§ **Problem statement**: Would you repeat word for word the lines of the listing that follows, from the one with "Moiariello oranssit kumiliukumäet 1" up to and including the one with "Mercedes-Benz G-Class 0", and leave out the images?

§ **Input data**:
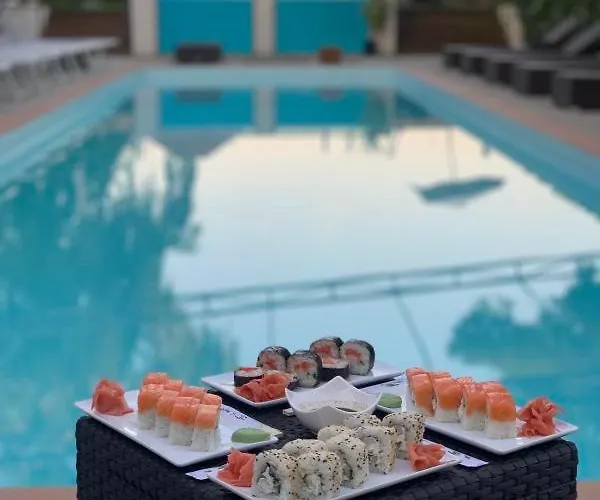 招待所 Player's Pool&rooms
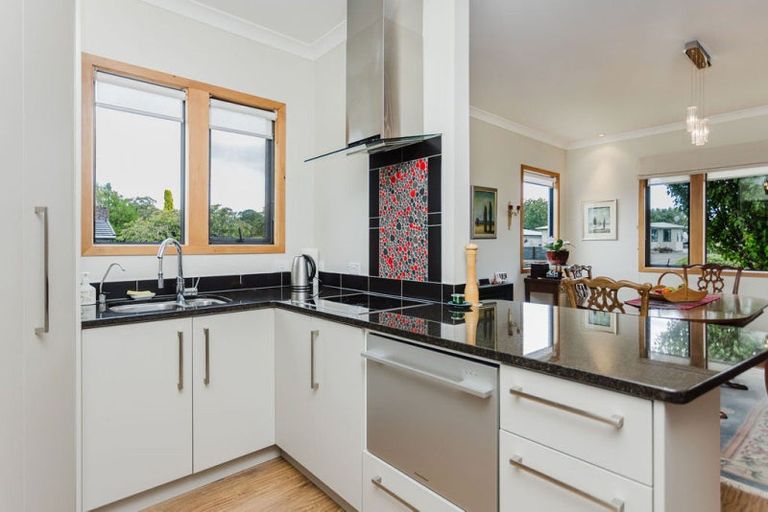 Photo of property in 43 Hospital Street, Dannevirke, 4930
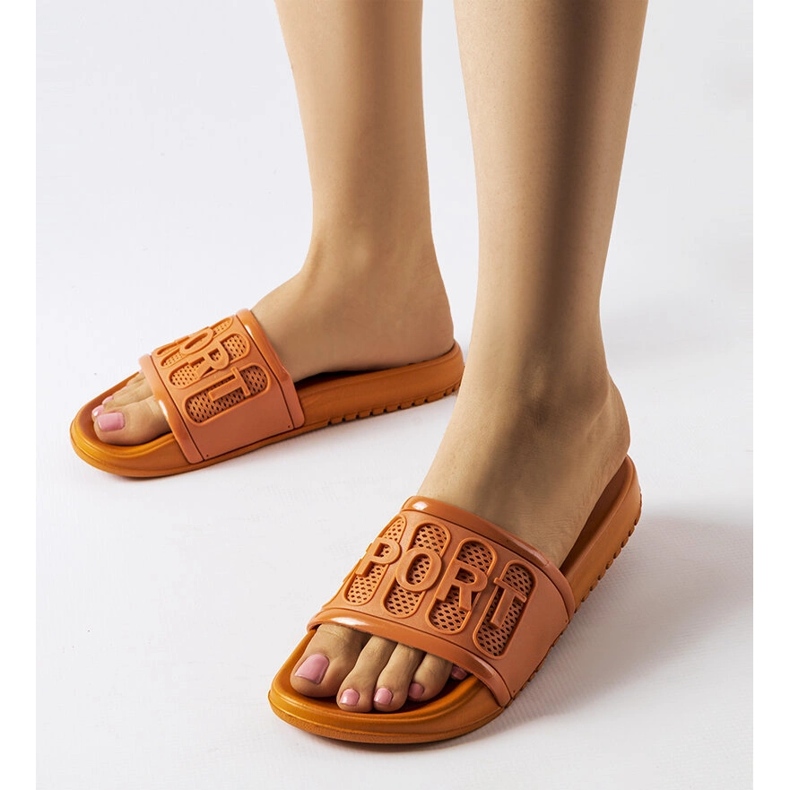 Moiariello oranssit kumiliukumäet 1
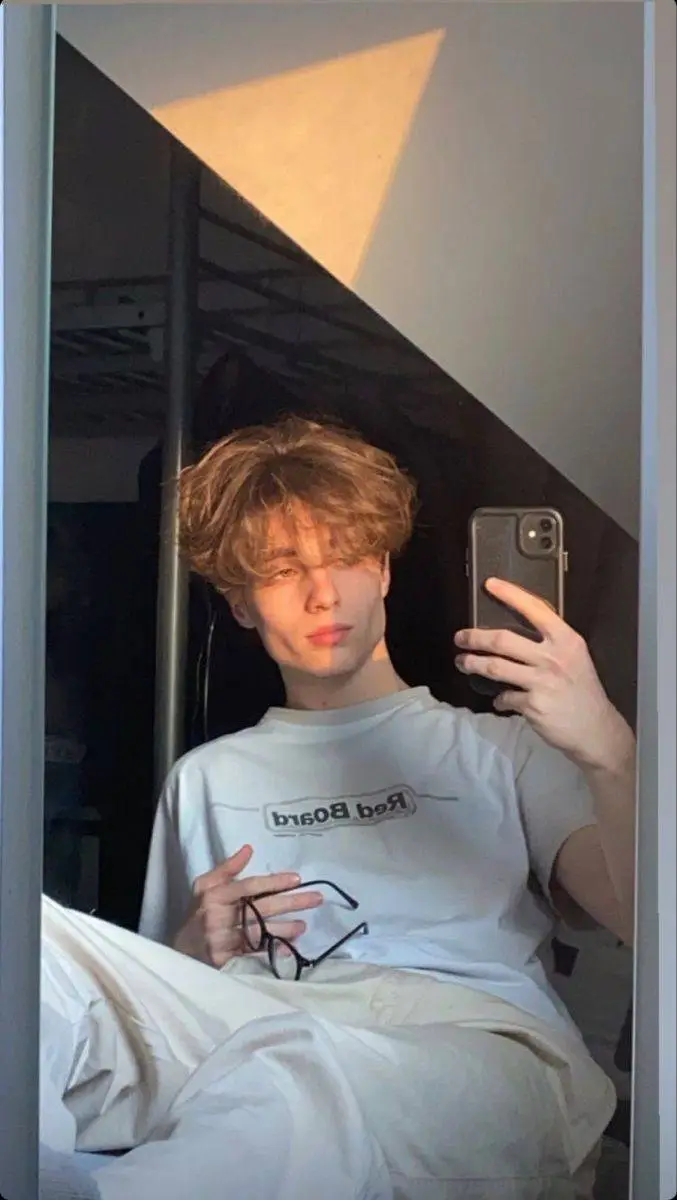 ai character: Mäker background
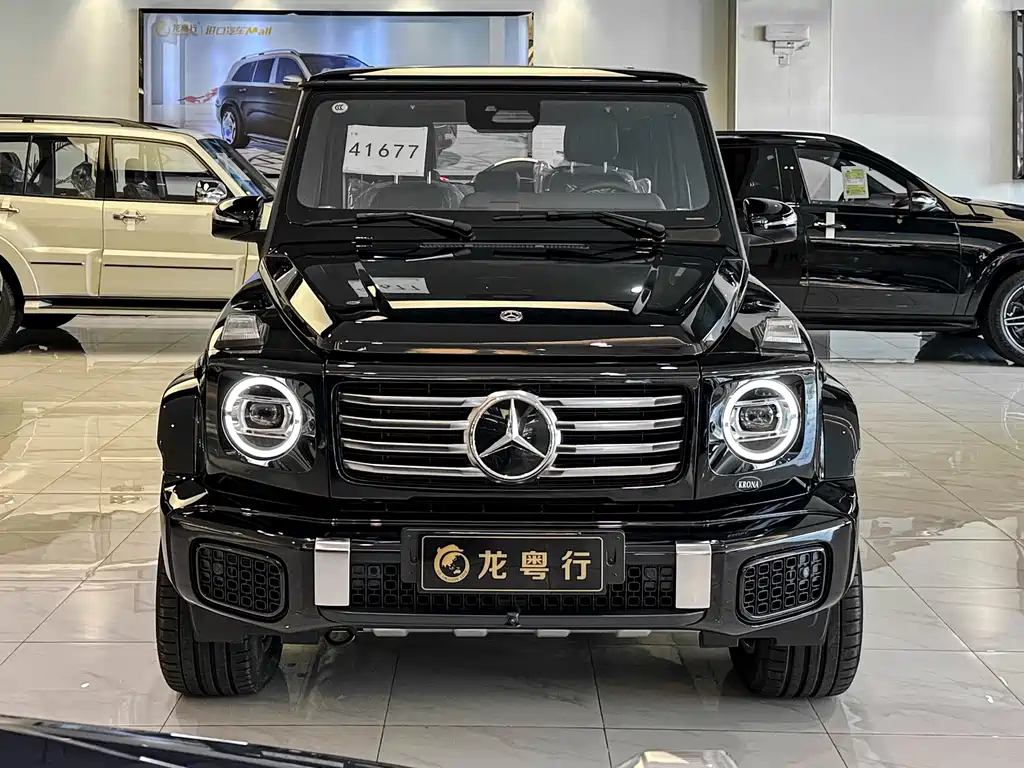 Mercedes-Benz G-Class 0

--

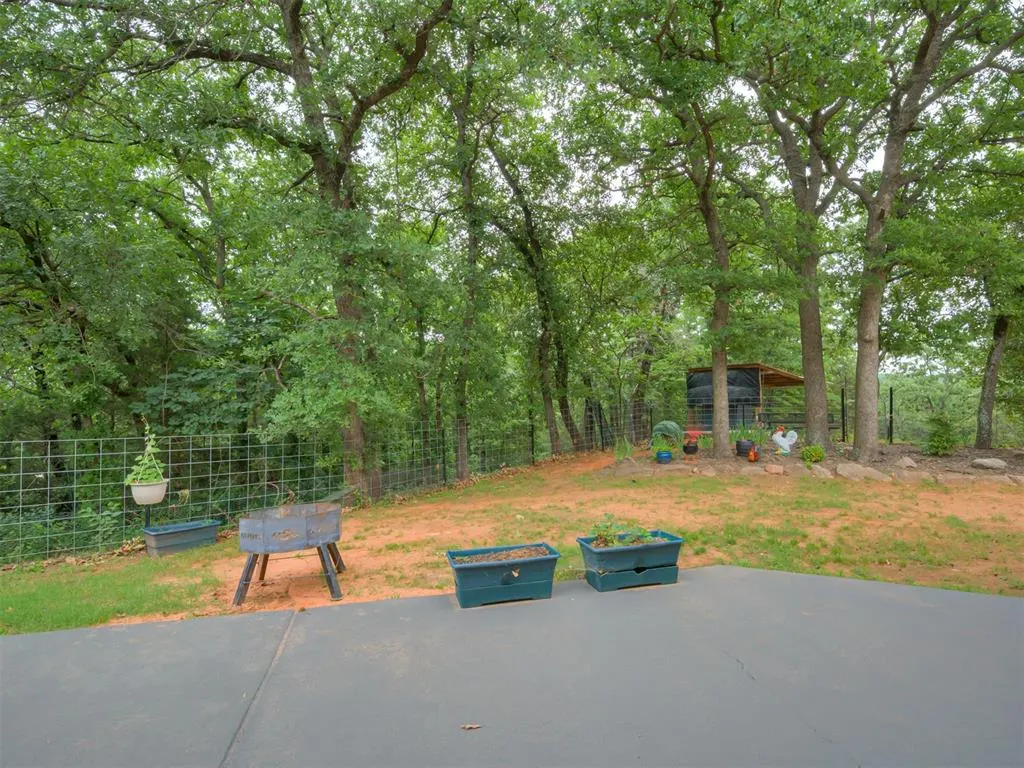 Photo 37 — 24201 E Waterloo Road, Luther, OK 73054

§ **Exercise answer**:
 Moiariello oranssit kumiliukumäet 1
 ai character: Mäker background
 Mercedes-Benz G-Class 0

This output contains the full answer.